What Hotels Can Learn About the Guest Experience From Starbucks
February 27, 2019 1:46pm
By Larry Mogelonsky, MBA, P. Eng. (www.hotelmogel.com)
Starbucks has thousands of outlets. Nowadays if you find yourself in nearly a major city center anywhere in the world, you’re never more than a few blocks away from your next americano.
The long-term and strategic vision for Starbucks may surprise you, though. It’s not just about coffee and compelling you to consume every ounce of caffeine exclusively from them; it’s about the culture. There have been several books written about the brand and their business approach. True, there are issues and growing pains, as there are for any corporation of this size and stature. Let’s set those aside for a moment, as well as any personal beverage preferences that you might have, and let’s focus on the vision.

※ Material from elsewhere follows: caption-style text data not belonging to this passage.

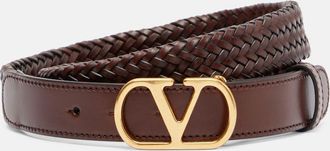 Valentino Garavani Cintura VLogo in pelle intrecciata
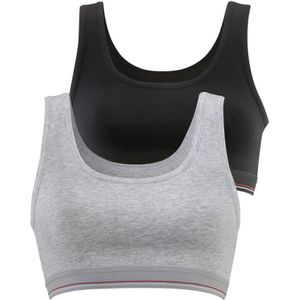 Zwart/Grijs Mêlee - Bralette - Jersey - Elastisch - Niet Gevoerd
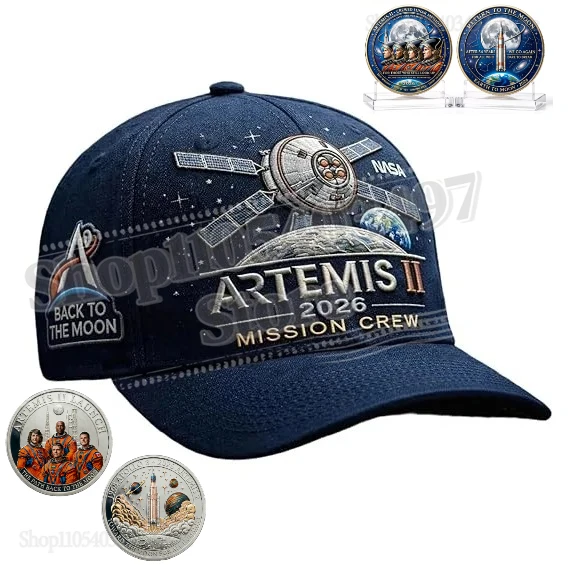 Artemis II Lunar Mission Commemorative Cap&Coin, 2026 Back to the Moon Space Hat Adjustable Baseball Hat for Men & Women
Artemis II Lunar Mission Commemorative Cap&Coin, 2026 Back to the Moon Space Hat Adjustable Baseball Hat for Men & Women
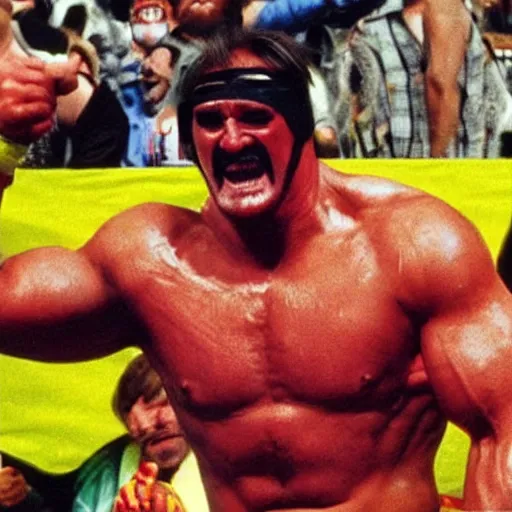 Prompt: the ultimate warrio wrestling hulk hogan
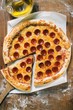 American-style pepperoni pizza, a slice cut
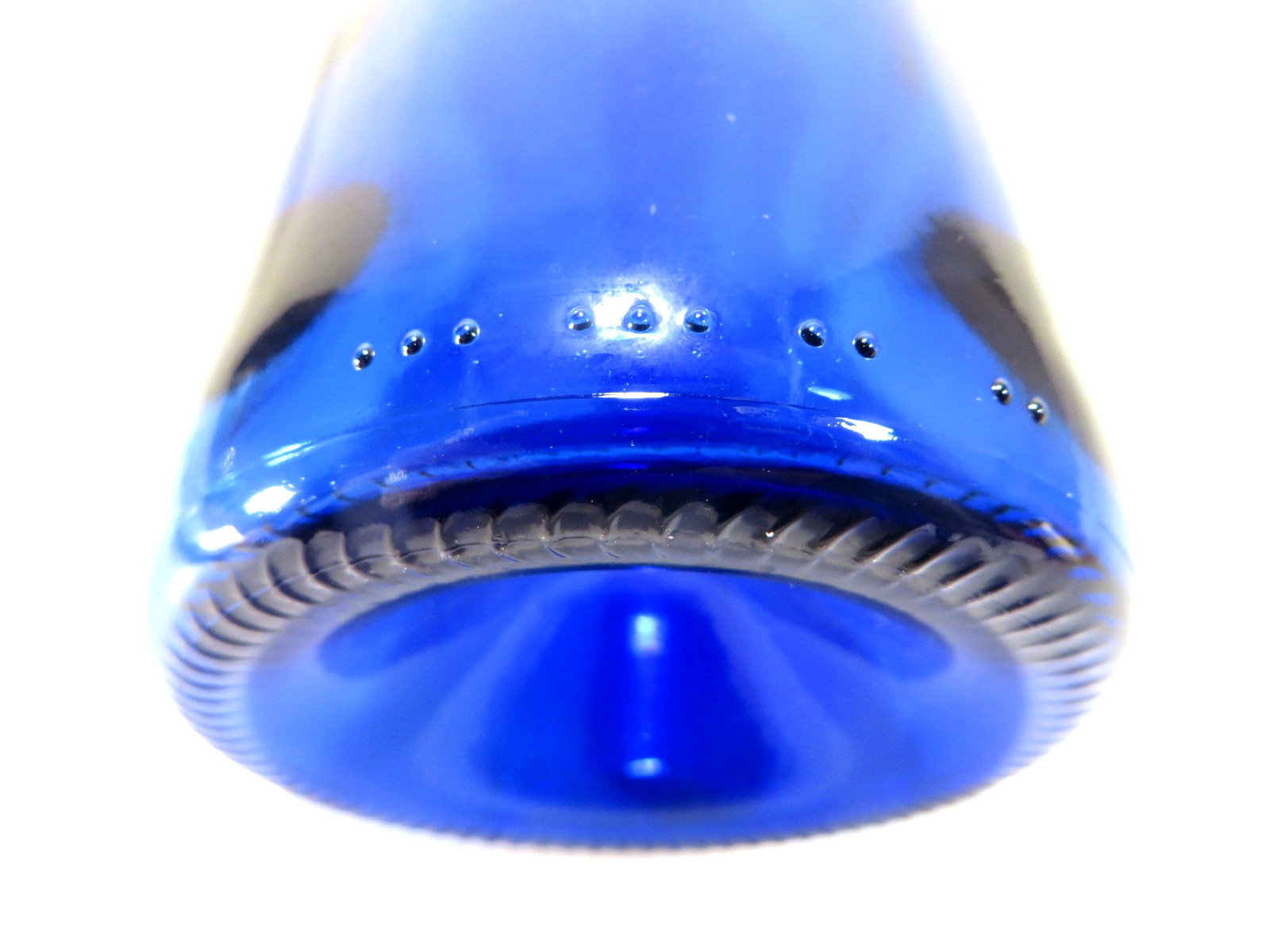 Cobalt Blue Glass Bottle Decorative Glossy Solid Smooth 11.25″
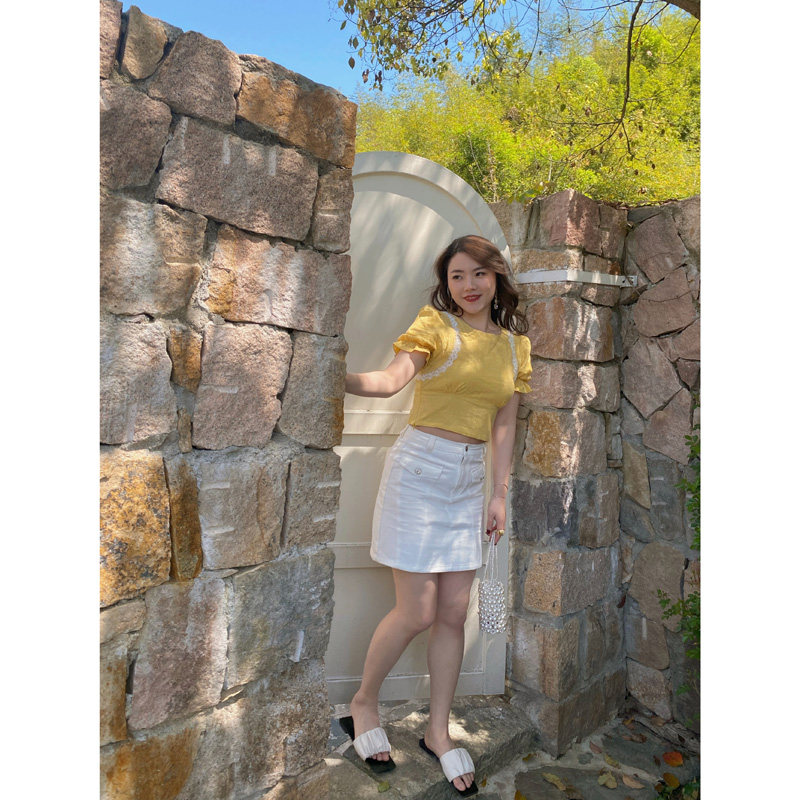 JML姜麦粒 法式花边泡泡袖短上衣两色可爱清新小姐姐2022夏季新款详情8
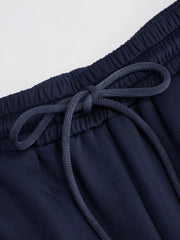 Cotton-blend Hooded Wrap Top & Mid Rise Elastic Waist Trousers Set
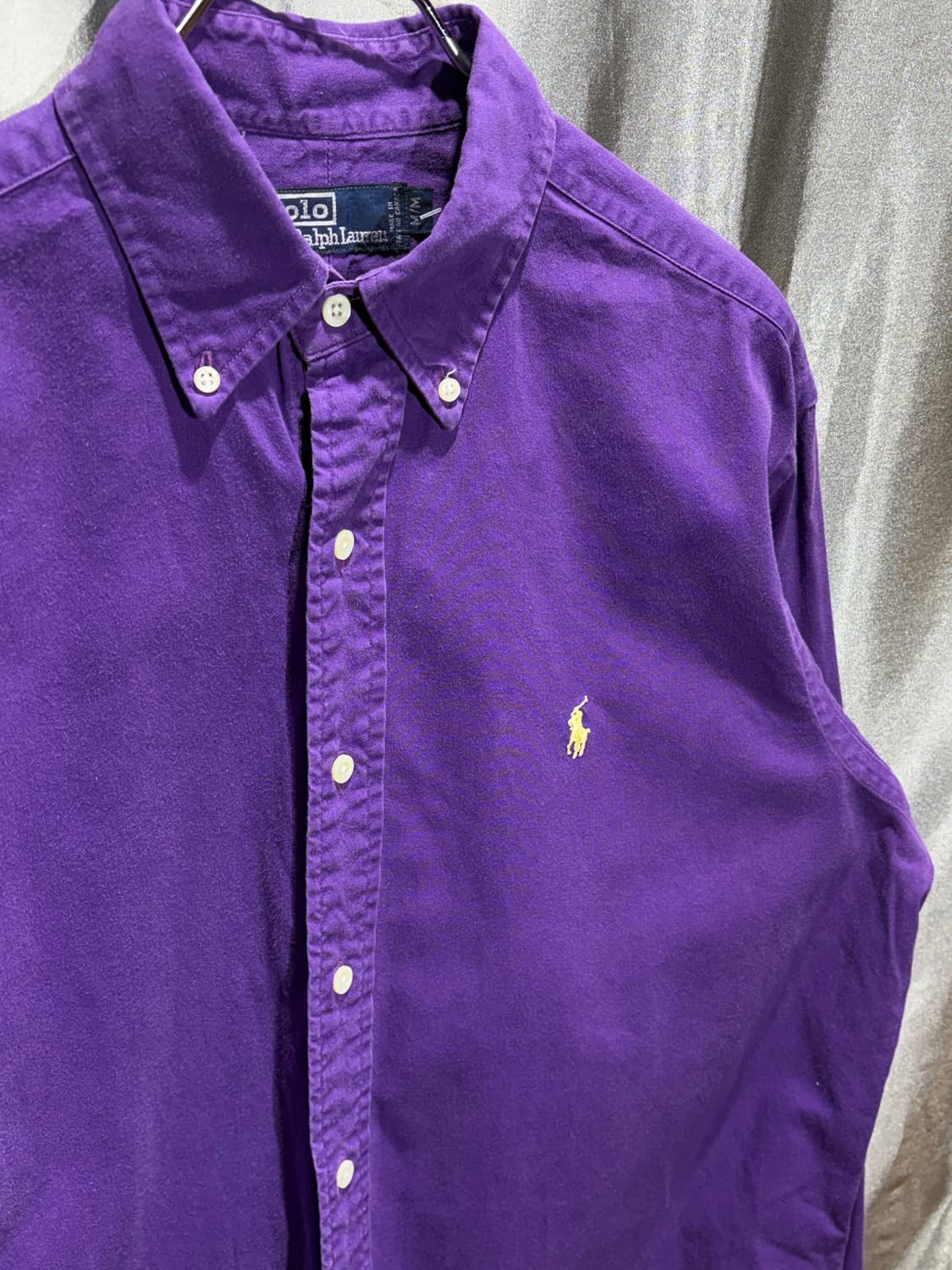 M 폴로랄프로랜 골드 포니 딥퍼플 코튼 셔츠 상품이미지4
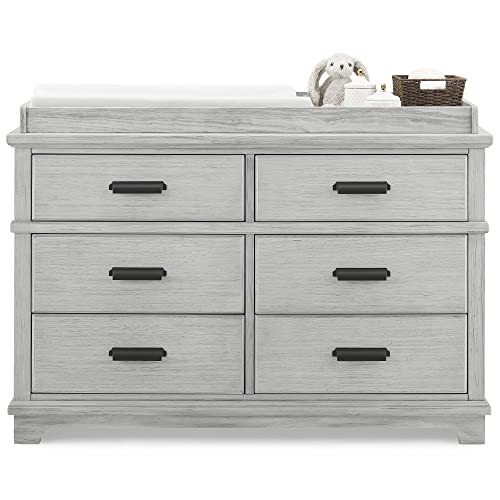 Asher 6-Drawer Dresser with Changing Top - Rustic Mist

Start by looking at Starbucks purely as a brand. The logo is easy to identify and reinforced through multiple vectors, while the product is consistent and, for the most part, decent. Moreover, part of the product also includes each outlet’s atmosphere which are comfortable and have free WiFi to thereby encourage a social environment that caters to every age group.
How about this apply to your property? Firstly, it’s not just about the guestrooms, which you can compare to Starbucks coffee. Of course, these should be top-of-class with good variety and some unique offerings, but more importantly you should ask how your vision for the hotel will foster a great culture? And don’t let having only one outlet – versus thousands for Starbucks or a major hotel chain – deter you from approaching this question. In fact, this will make the task ahead far easier as the ship you’re trying to steer isn’t the Titanic.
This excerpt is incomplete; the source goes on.